Workqueue with WQ_MEM_RECLAIM need to create a standalone kthread
for the queue, so at default there will be 8 kthreads created even no one
uses loop at all.  From current implementation the per-device thread is
created only when one file or blk device is attached to the loop device, which
may not be possible when blk-mq supports per-device workqueue.

> I don't see a reason why we should not.

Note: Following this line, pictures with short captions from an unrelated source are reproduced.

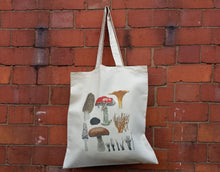 Load image into Gallery viewer, Fungi tote bag by Alice Draws The Line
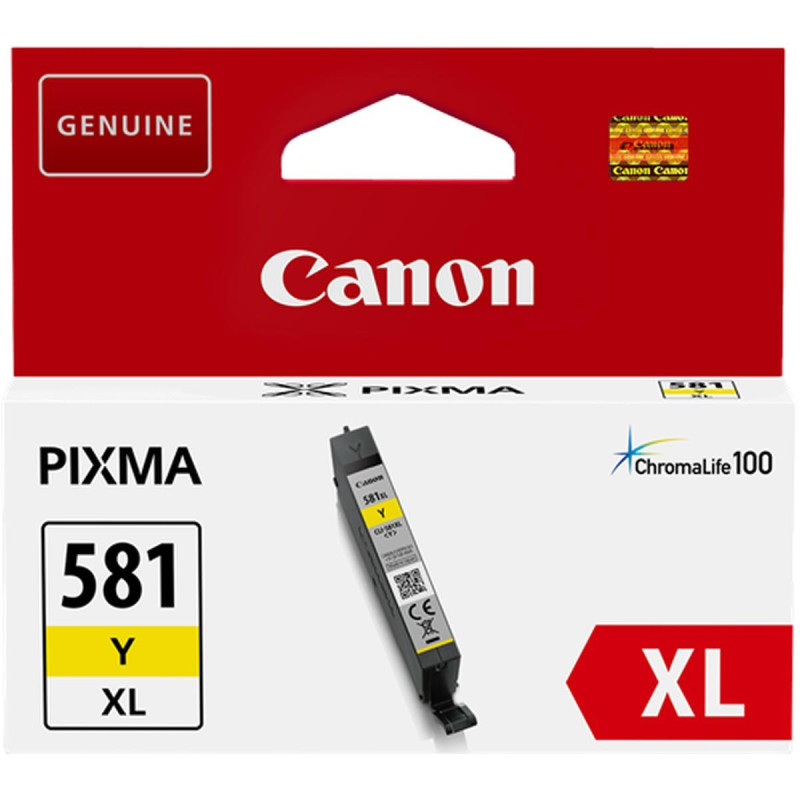 CARTUCCIA ORIGINALE (CLI-581YXL, 2051C001) CANON TS6150 (514PAG) GIALLO XL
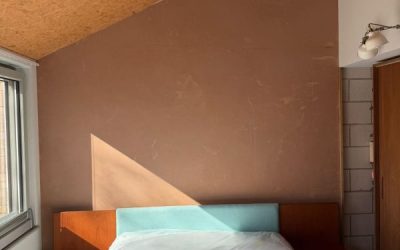 Installed insulated plasterboard and skimmed wall in Oxford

Loop over loop might seem nutty, but
> it's not that far out into the realm of nutty things that people end up
> doing.

Another reason I am still not sure if workqueue is good for loop, though I
do really like workqueue for sake of simplicity, :-)

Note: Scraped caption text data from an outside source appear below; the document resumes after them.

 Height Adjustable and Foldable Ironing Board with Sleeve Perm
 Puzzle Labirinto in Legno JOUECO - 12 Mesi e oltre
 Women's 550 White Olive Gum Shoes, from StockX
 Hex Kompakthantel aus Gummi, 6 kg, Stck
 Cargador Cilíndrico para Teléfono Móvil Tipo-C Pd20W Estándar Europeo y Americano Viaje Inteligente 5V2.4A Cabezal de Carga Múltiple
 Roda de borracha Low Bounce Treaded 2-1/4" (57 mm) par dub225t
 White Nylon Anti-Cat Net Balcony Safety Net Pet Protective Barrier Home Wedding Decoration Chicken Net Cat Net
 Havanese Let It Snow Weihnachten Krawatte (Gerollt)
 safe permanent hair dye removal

- sequential read becomes a bit slow with workqueue, especially for some
fast block(such as null_blk)

- random read becomes a bit slow too for some fast devices(such as null_blk)
in some environment(It is reproduced in my server, but can't in my laptop) even
it can improve throughout quite much for common devices(HDD., SSD,..)

>From my investigation, context switch increases almost 50% with
workqueue compared with kthread in loop in a quad-core VM. With
kthread, requests may be handled as batch in cases which won't be
blocked in read()/write()(like null_blk, tmpfs, ...), but it is impossible with
workqueue any more.  Also block plug&unplug should have been used
with kthread to optimize the case, especially when kernel AIO is applied,
still impossible with work queue too.

So looks kthread with kernel AIO is still not bad for the blk-mq conversion,
which can improve throughput much too.  Or other ideas?


Thanks

>
>
>> I will keep the work queue in loop-mq V2, and it should be easy to switch
>> to the mechanism once it is ready.
>
>
> Reworked a bit more:
>
> http://git.kernel.dk/?p=linux-block.git;a=commit;h=a323185a761b9a54dc340d383695b4205ea258b6
>
> Lets base loop-mq on the blk-mq workqueues, it would simplify it quite a bit
> and I don't think there's much point in doing v1 and then ripping it out for
> v2. Especially since it isn't queued up for 3.18 yet.